Malians ‘caught in the crossfire’ flee to Mauritania

Some 8,000 Malians have taken refuge in Mbera camp so far this year
AFP

Ehya sits down under a makeshift tent and prepares tea.

The herder in his fifties had lived in the bush of central Mali his entire life.

But in May, security in his home region had become untenable. Mali’s decade-long conflict was now too close.

Ehya made the grim choice to flee, becoming one of thousands of Malians who this year have fled to the safety of Mbera refugee camp just across the border in Mauritania.

“For years we tried to bide our time, to stay on our land, telling ourselves that it would blow over,” said Ehya, his head wrapped in a long white turban that falls over his chest.

But, he said, “people are killing like they slaughter chickens”.

Central Mali is a hotspot of the violence that has metastasised across the Sahel, leaving thousands dead and millions displaced.

Ehya — whose name, like others interviewed for this article, has been changed by AFP for his safety — recalled the day when a neighbouring settlement was attacked by jihadists.

“We knew that if we didn’t run, it would be our turn”, the pastoralist said. “We ran for our lives.”

Some of the displaced crowd into the outskirts of towns.

Many others head to Mbera — a haven not only from jihadists affiliated with Al-Qaeda or the Islamic State group (IS) but also from inter-communal reprisals and violent criminals.

Opened in 2012 not long after Mali’s conflict began, the camp is one of the largest in the Sahel, hosting more than 78,000 people. Some 8,000 Malians have fled there this year, according to the UN’s refugee agency.

“For the past six months, the camp has been receiving a large number of people from the areas of Sokolo, Dogofry, Ouagadou and Nampala” in central Mali, Abdoul Aziz Ag Mohamed, a camp administrator, told AFP.

Others have come from the Timbuktu region in the north of Mali.

“The camp has two speeds,” Mohamed said: “Old refugees”, who are now more autonomous, and “new refugees, who are in a state of emergency”.

‘White men’

Violence, initially confined to the north, spread to the centre of the country in 2015, and then to neighbouring Niger and Burkina Faso.
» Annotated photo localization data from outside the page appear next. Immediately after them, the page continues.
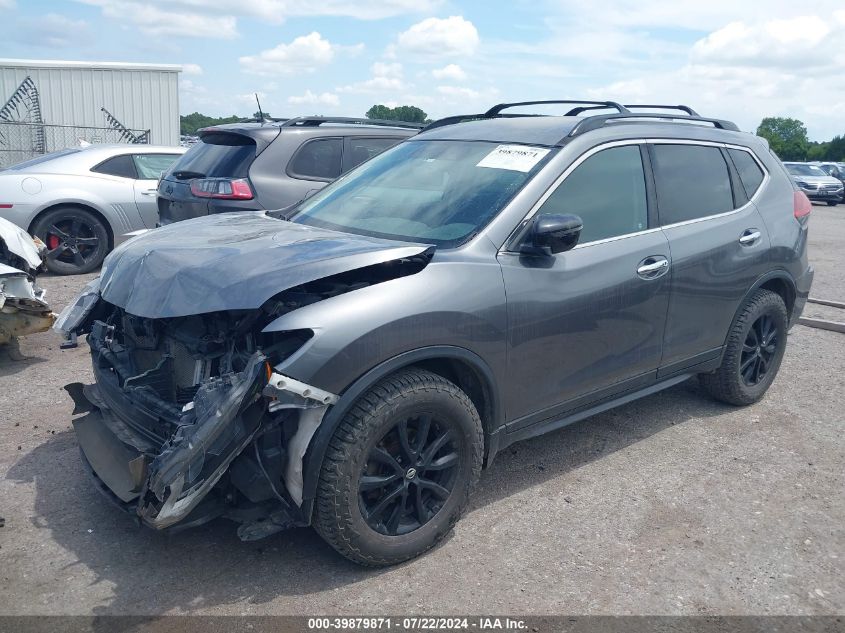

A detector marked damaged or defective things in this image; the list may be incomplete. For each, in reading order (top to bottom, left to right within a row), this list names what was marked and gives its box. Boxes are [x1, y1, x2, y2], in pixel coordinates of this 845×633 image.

crushed front end [61, 296, 336, 540]
crumpled hood [99, 212, 432, 318]
damaged gray suv [57, 101, 812, 564] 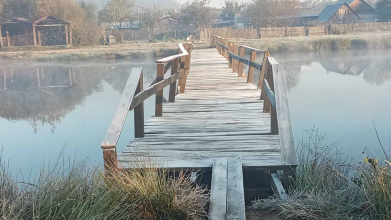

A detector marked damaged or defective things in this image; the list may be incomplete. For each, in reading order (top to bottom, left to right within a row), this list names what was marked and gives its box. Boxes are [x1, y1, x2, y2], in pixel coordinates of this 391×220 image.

broken railing section [101, 37, 193, 173]
broken railing section [213, 35, 298, 167] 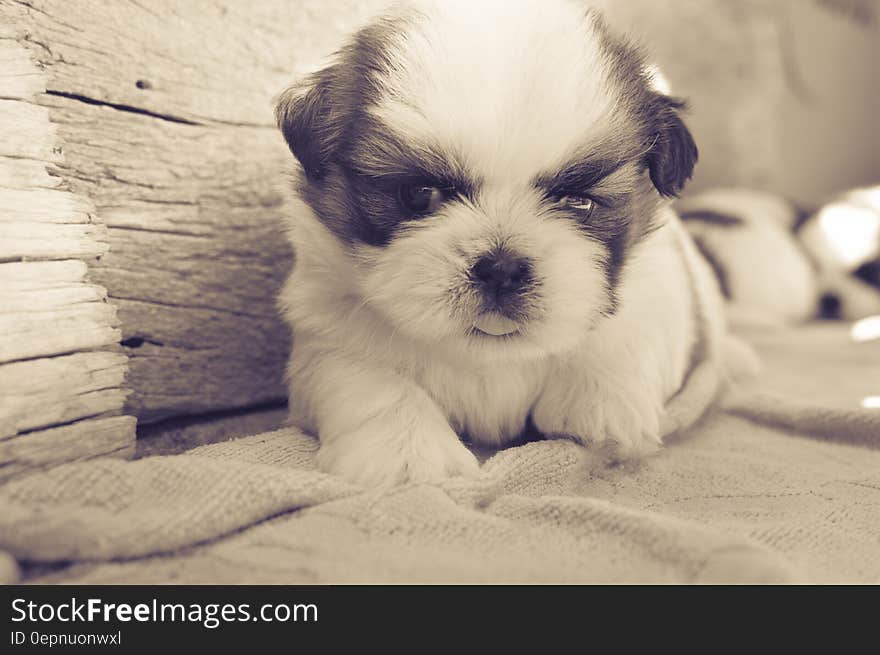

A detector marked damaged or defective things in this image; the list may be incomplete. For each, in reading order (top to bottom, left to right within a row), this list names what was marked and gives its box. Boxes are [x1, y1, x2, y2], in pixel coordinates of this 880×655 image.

splintered wood edge [0, 23, 135, 480] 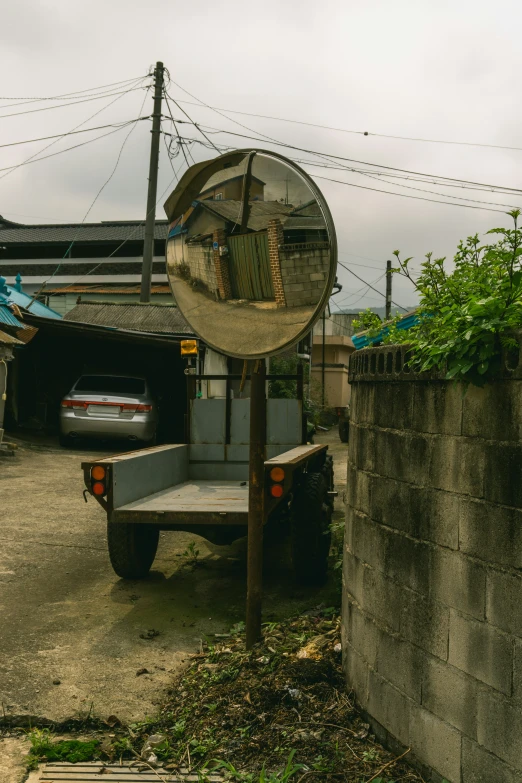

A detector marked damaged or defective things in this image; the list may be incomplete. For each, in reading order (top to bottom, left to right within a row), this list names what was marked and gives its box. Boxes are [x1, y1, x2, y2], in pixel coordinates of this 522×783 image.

rusty pole [246, 358, 266, 648] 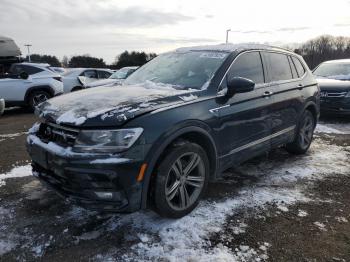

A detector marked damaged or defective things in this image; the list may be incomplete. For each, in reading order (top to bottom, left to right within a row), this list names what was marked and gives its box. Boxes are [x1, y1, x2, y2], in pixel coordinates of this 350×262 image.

damaged front bumper [26, 134, 146, 212]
Mauritania has so far been able to stem the expansion.

In Mali’s vast rural and desert wastelands, the Malian state has no permanent authority, and inhabitants — mostly nomads — live among the fighters.
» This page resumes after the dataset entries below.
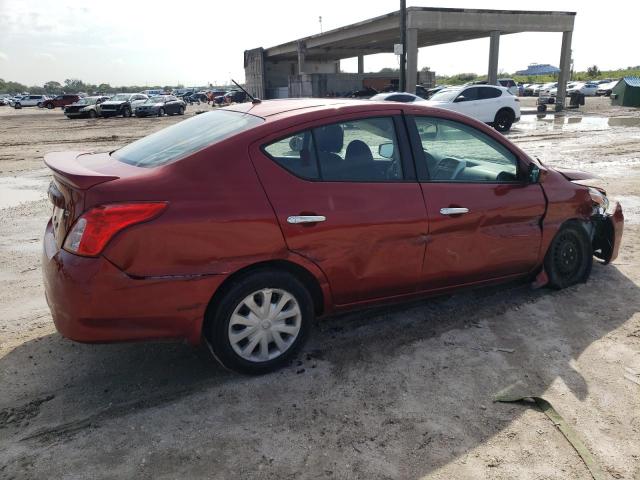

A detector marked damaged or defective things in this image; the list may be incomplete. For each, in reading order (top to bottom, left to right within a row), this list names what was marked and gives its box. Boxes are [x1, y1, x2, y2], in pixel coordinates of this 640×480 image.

dent in car door [252, 113, 428, 304]
dent in car door [410, 116, 544, 288] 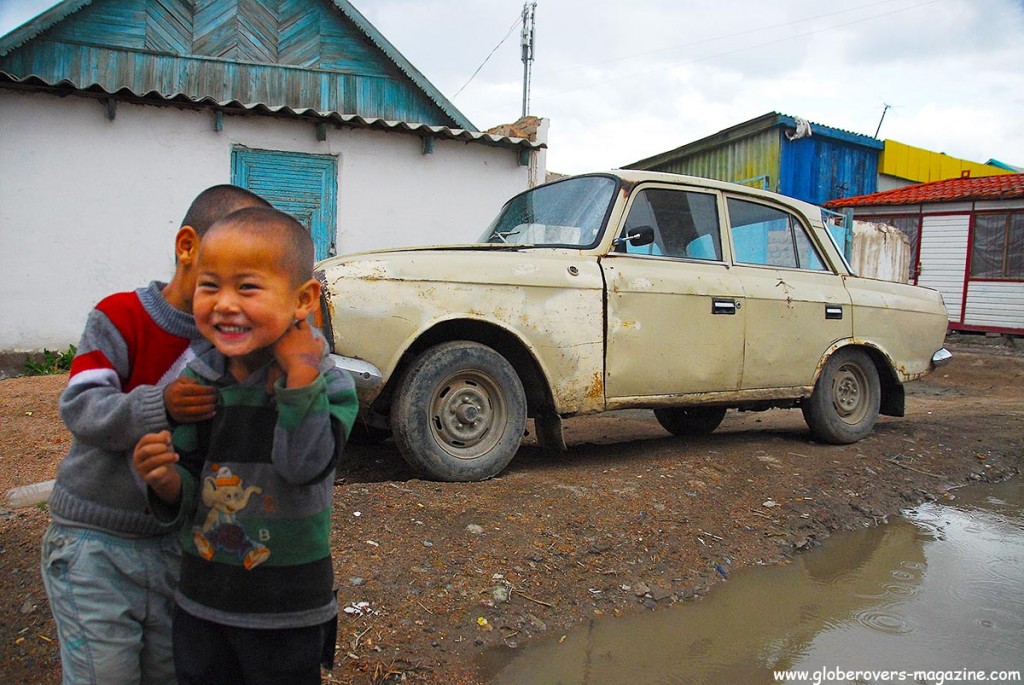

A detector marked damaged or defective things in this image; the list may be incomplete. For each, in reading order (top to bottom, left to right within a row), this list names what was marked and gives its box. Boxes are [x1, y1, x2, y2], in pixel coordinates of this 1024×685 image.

rusty old car [316, 171, 948, 480] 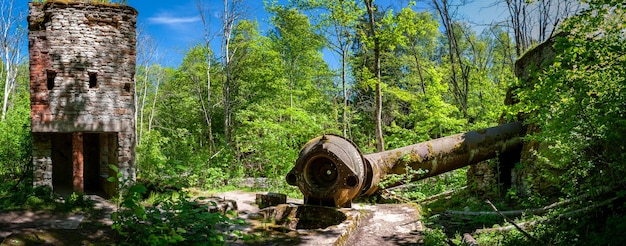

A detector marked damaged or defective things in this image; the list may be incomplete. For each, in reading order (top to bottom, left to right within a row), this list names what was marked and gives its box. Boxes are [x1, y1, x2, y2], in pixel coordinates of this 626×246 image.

large rusted pipe [286, 122, 520, 207]
rusty metal surface [286, 122, 520, 207]
rusty metal pipe [286, 121, 524, 208] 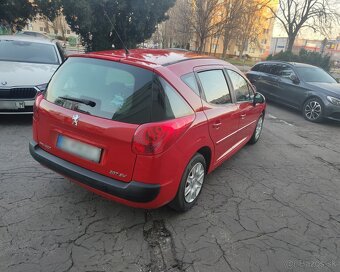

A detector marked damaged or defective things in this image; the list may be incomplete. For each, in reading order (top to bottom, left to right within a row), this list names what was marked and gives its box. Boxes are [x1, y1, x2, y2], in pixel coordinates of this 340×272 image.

cracked asphalt [0, 102, 340, 272] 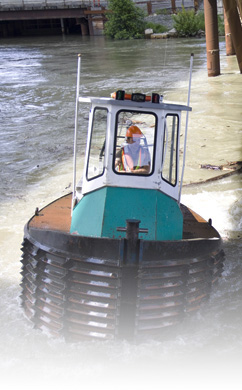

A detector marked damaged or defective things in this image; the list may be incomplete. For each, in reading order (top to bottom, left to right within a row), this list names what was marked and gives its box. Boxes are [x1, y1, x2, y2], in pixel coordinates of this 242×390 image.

rusty support beam [203, 0, 220, 77]
rusty support beam [224, 0, 242, 73] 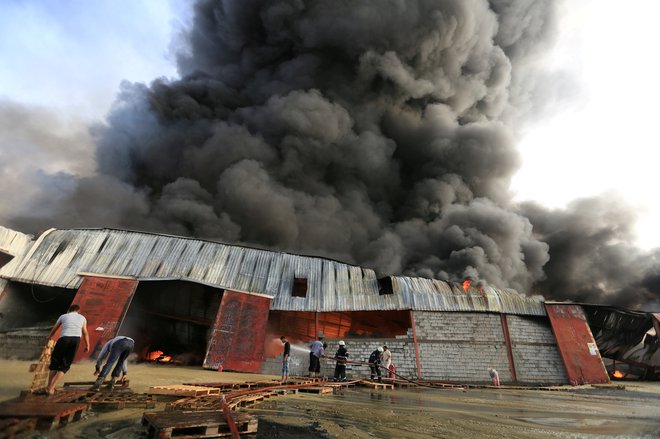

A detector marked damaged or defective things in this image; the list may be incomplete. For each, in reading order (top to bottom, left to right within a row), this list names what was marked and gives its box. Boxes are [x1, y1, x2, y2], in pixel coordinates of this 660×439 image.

rusty metal sheet [70, 276, 138, 362]
rusty metal sheet [204, 290, 270, 372]
rusty metal sheet [544, 306, 612, 384]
“Daesh arrive in the camps, kill women, men and children indiscriminately then leave, taking the livestock,” Ehya said, using the Arabic acronym for IS.

AFP spoke to 10 refugees in the Mbera camp who all described the same pattern of attacks on civilians, which they say are increasing.

They also denounced deadly reprisals by all actors in the conflict: the “mujahideen” or jihadists, as well as by the military and a new force — Russia’s Wagner paramilitary group or, as it is sometimes described, the “white men”.

“The Malian army, the Wagner army, the mujahideen: we are caught in the crossfire,” Ehya said.

“The Malian army accuses us of supporting the mujahideen when we refuse to tell them where the jihadists are, and the mujahideen accuse us of being with the Malian state if we don’t become mujahideen.”

Mali’s ruling junta has brought in Russian operatives it describes as military trainers, while Western countries describe them as mercenaries from the pro-Kremlin Wagner group.

Rights monitors have implicated “white-skinned” fighters in massacres in central Mali in March.

Sexual violence

Another resident at the refugee camp, Seghad, recently arrived from Sokolo, some 200 kilometres (125 miles) south of Mbera.

The 25-year-old said she fled fighting between the army and jihadists — and violence committed against women.

“In neighbouring villages, (armed men) would come, blindfold women, take them to do what they have to do and then bring them back,” Seghad said.

Seghad described the assailants as Fulani, an ethnic group also known as Peul. Members of this group have been recruited by jihadists, prompting the Fulani community as a whole to be often accused of “terrorism”, say experts.

Ehya, Seghad and eight others interviewed by AFP all referred to Wagner, whose presence in Mali the government denies.

It “never operates alone. They are always with the Malian army,” said Ehya.

In Hombori, some 1,000 km (600 miles) from Mbera, Wagner fighters “came on market day and opened fire on herders who had come to pay for their livestock”, said Ehya, who comes from nearby and had relatives present during the attack.

The UN says it has opened an investigation into the alleged summary execution of numerous civilians by Malian soldiers “allegedly accompanied by foreign security personnel” in Hombori on April 19.

The Malian authorities have maintained that they respect human rights and will investigate if necessary.